--- Records supplied Enclosed Below ---

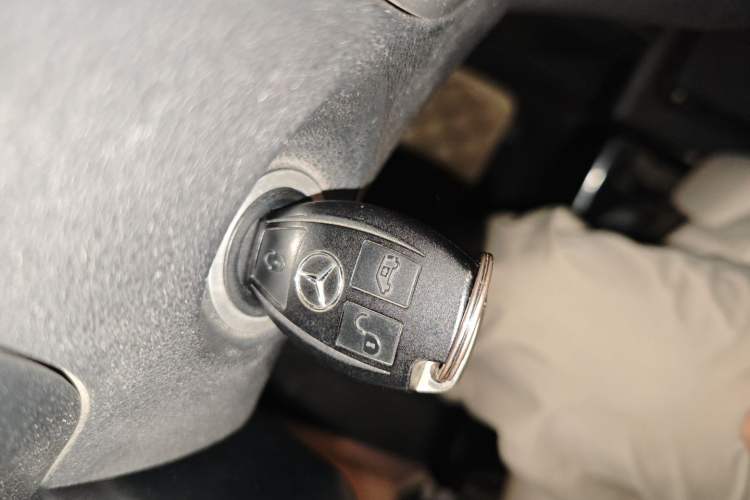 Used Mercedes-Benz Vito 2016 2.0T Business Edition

--- End of Enclosed Records supplied ---
--- Records supplied Enclosed Below ---

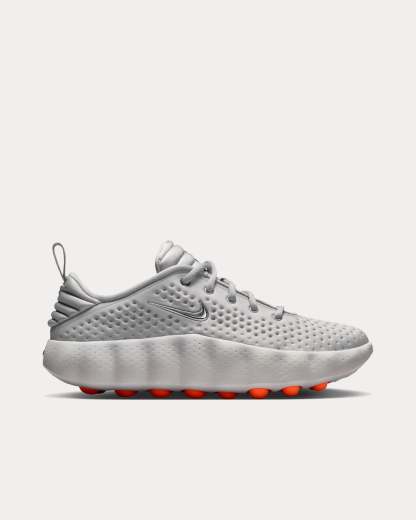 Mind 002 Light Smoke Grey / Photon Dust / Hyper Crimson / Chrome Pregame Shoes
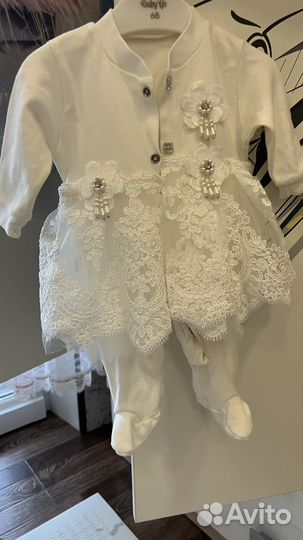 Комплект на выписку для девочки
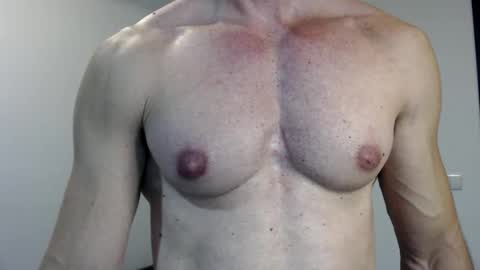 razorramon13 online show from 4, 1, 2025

--- End of Enclosed Records supplied ---
--- Records supplied Enclosed Below ---

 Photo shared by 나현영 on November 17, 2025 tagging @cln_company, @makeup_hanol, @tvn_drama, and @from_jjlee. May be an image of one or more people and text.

--- End of Enclosed Records supplied ---

Your assignment :: Beginning with the line above that contains "Mind 002 Light" and ending with the line that contains "razorramon13 online show from 4, 1, 2025", quote each line exactly, keeping out the pictures.

Response ::
 Mind 002 Light Smoke Grey / Photon Dust / Hyper Crimson / Chrome Pregame Shoes
 Комплект на выписку для девочки
 razorramon13 online show from 4, 1, 2025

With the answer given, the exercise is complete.